The most shocking was about how there is still the hold-over of Soviet thinking among the doctors in Kazakhstan.  Their one and only definition of a live birth is if the baby is breathing air on its own. However, according to international standards of what is considered “live births,” set up by the organization WHO, there are 14-16 different ways to see if a baby, once born, is alive by checking palpitation of heart or other vital signs.  All those signs are ignored due to the old Soviet training of doctors that still exists in hospitals.  When I talked to a foreign doctor who is western trained, she said that perhaps if those babies who are birthed with complications, they might have defects or disabilities that families would not be able to take care of due to the expense.

One other thing mentioned was that many children who end up in orphanages in Kazakhstan are not actually orphans (defined by a child without father or mother) but they are castoff children and do indeed have a parent still living.  Our speaker said this concept of children being taken over by the government is another carry-over from the Soviet period where this was actually encouraged so as to train up the children according to the State-controlled regimen.  Hannah ended with a answer to a question among the group of about 40 women that the Kazakhs need to return to their own tradition of taking care of their OWN family and not giving up children to orphanages because many times if they have been institutionalized, they are without good job skills to enter the work force at age 18 when they are turned out to fend for themselves.

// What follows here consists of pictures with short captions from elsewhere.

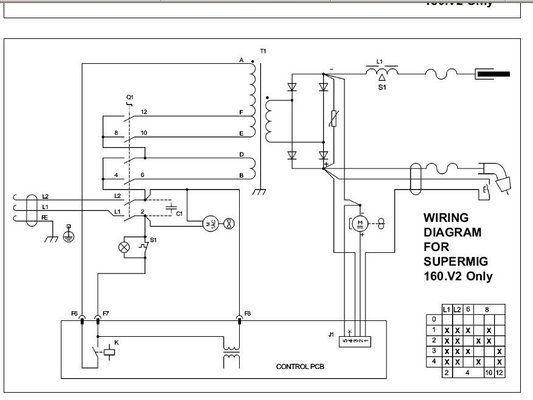 Manual for my Supermig 160/5 | MIG Welding Forum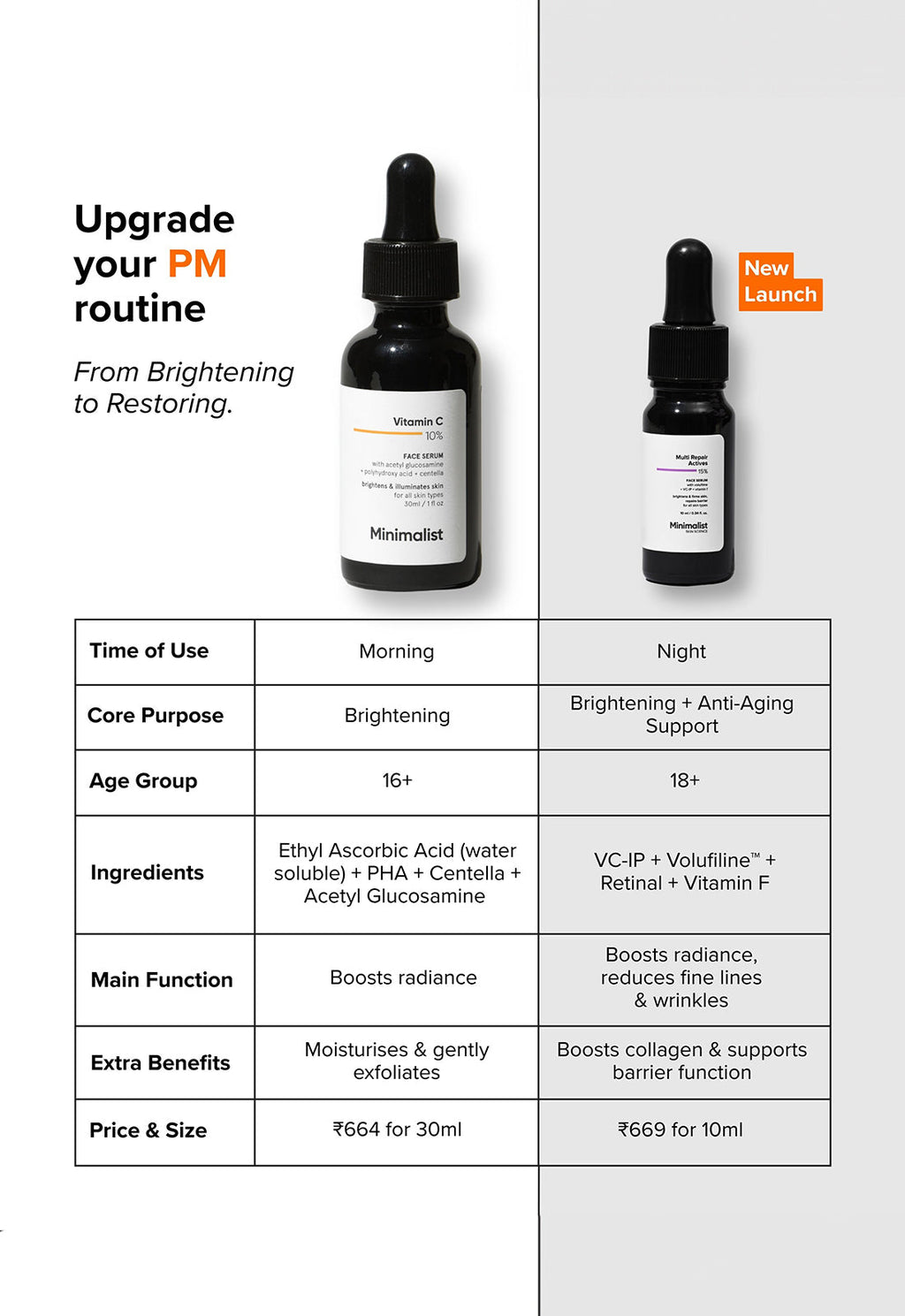 Minimalist Multi Repair Actives 15% Face Serum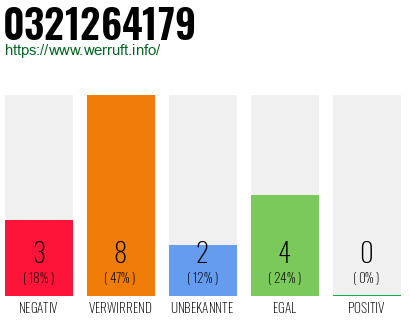 Rufnummer 0321264179 Telefonnummer 0321264179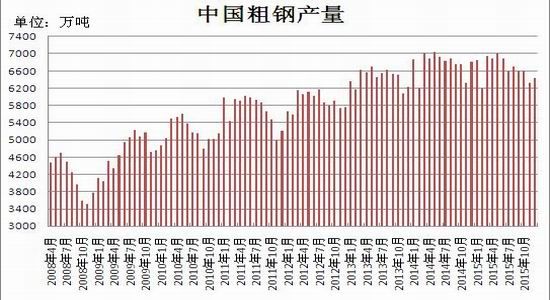芥末行情期货/芥末产量 芥末行情期货/芥末产量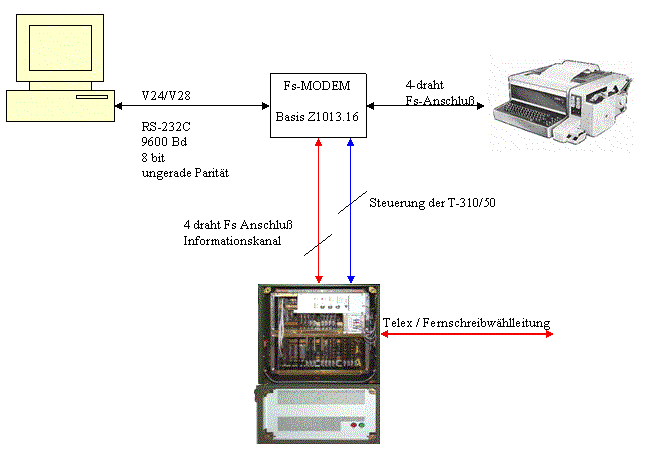 Fs-Modem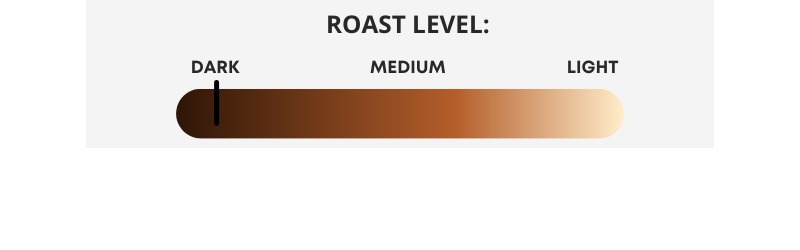 The Patriot (Dark Roast)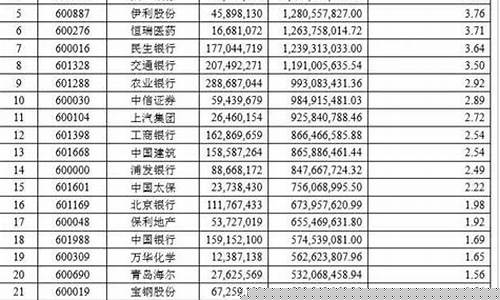 什么股才能进上证50(进入上证50意味着什么)_上交所_第1张_财经网 什么股才能进上证50(进入上证50意味着什么)_https://www.eamstsz.com_上交所_第1张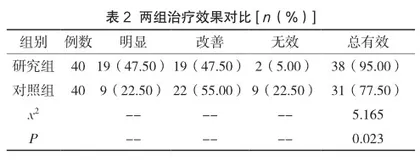 固肾保胎汤对先兆流产患者激素水平及症状缓解时间的影响分析1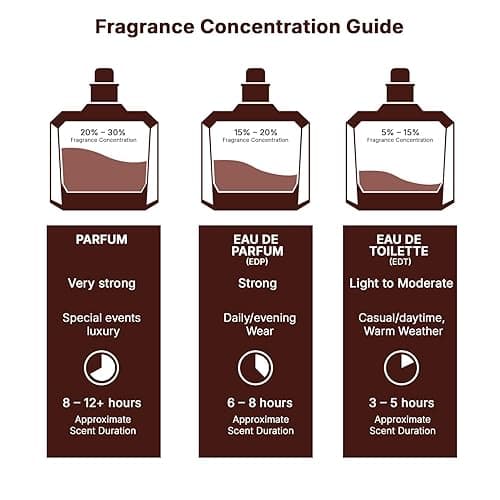 Lattafa Yara - Vanilla, Gourmand, Fruity, Floral - Eau de Parfum Long-Lasting Fragrance for Women, 3.40 Ounce / 100 ml thumbnail 9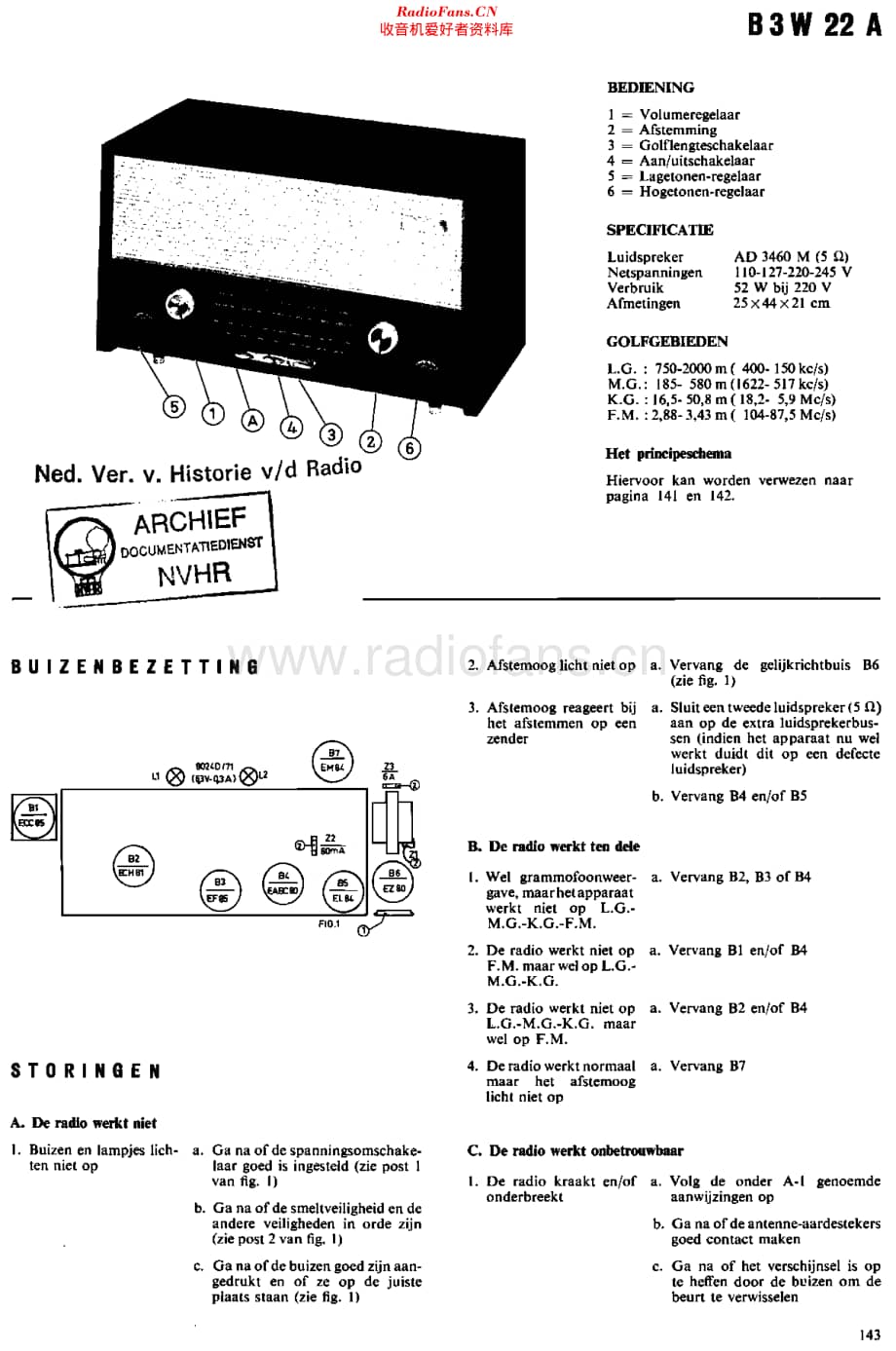 Philips_B3W22A 维修电路原理图.pdf_第1页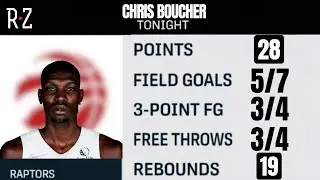 Chris Boucher vs Sixers Highlights [28 PTS/ 19 REB] 12.28.21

One foreign woman said that she and other expats had worked on a charity to improve the conditions of the orphanages because the toilets and showers were deplorable.  Our speaker said that this was a very delicate issue because if there is not better social networking to adopt these children into Kazakh families and have that working, it only encourages more people to “throw away” these young children into the orphanages that might have better conditions than what they are currently living in. She said it was more important for children, even living in poverty, to grow up in their own families or be adopted by relatives (just like what used to be done before the Soviet period) than to institutionalize children in orphanages.  She said it was important for charities to work and improve the conditions of the places where children currently are kept but better to NOT have so many “social orphans” in Kazakhstan.  If orphanages look better than a home in poverty, more and more children would be dumped.

Our speaker representing UNICEF had to rush off to another engagement so I didn’t have a chance to ask her my main question about depression and suicide among Kazakh youth.  She obviously has strong emotions about what she does for a living, obviously she LOVES children.